Exactly the lines from the one with "794097-5003S Dmychadlo, plnění" through the final line of the entries, and nothing else, should appear in the answer; no pictures go in it.
====== DATA SUPPLIED
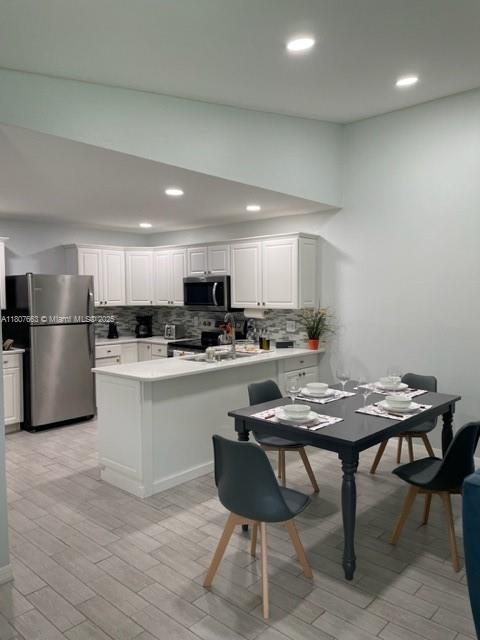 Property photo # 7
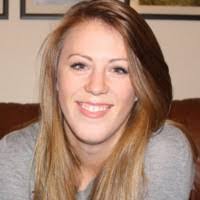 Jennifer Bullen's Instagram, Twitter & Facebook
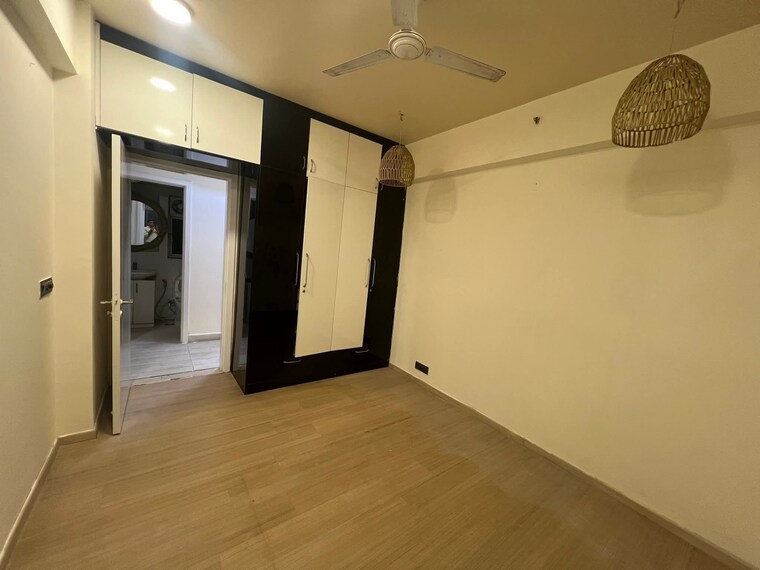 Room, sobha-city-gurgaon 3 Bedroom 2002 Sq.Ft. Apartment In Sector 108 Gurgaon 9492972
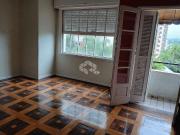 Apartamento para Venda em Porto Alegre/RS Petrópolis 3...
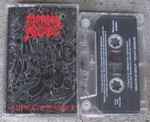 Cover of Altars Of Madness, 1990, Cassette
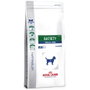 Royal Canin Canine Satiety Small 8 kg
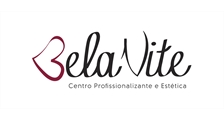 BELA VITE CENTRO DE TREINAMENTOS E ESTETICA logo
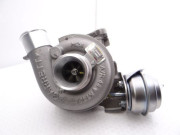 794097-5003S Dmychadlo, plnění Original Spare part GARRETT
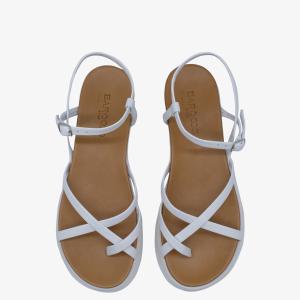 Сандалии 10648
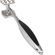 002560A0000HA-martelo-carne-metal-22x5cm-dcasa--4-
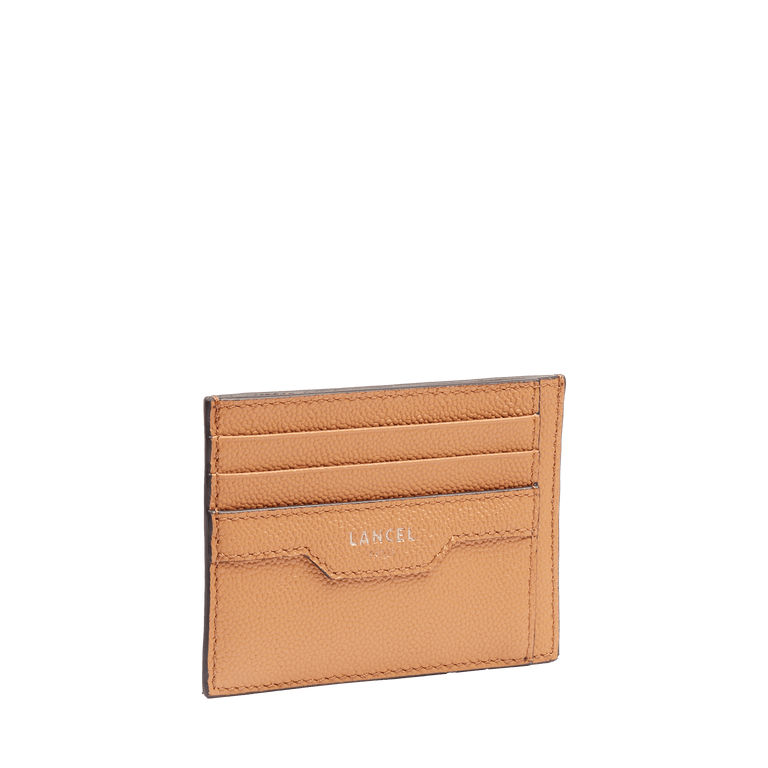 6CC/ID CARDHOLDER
============
SOLVED PROBLEM:
 794097-5003S Dmychadlo, plnění Original Spare part GARRETT
 Сандалии 10648
 002560A0000HA-martelo-carne-metal-22x5cm-dcasa--4-
 6CC/ID CARDHOLDER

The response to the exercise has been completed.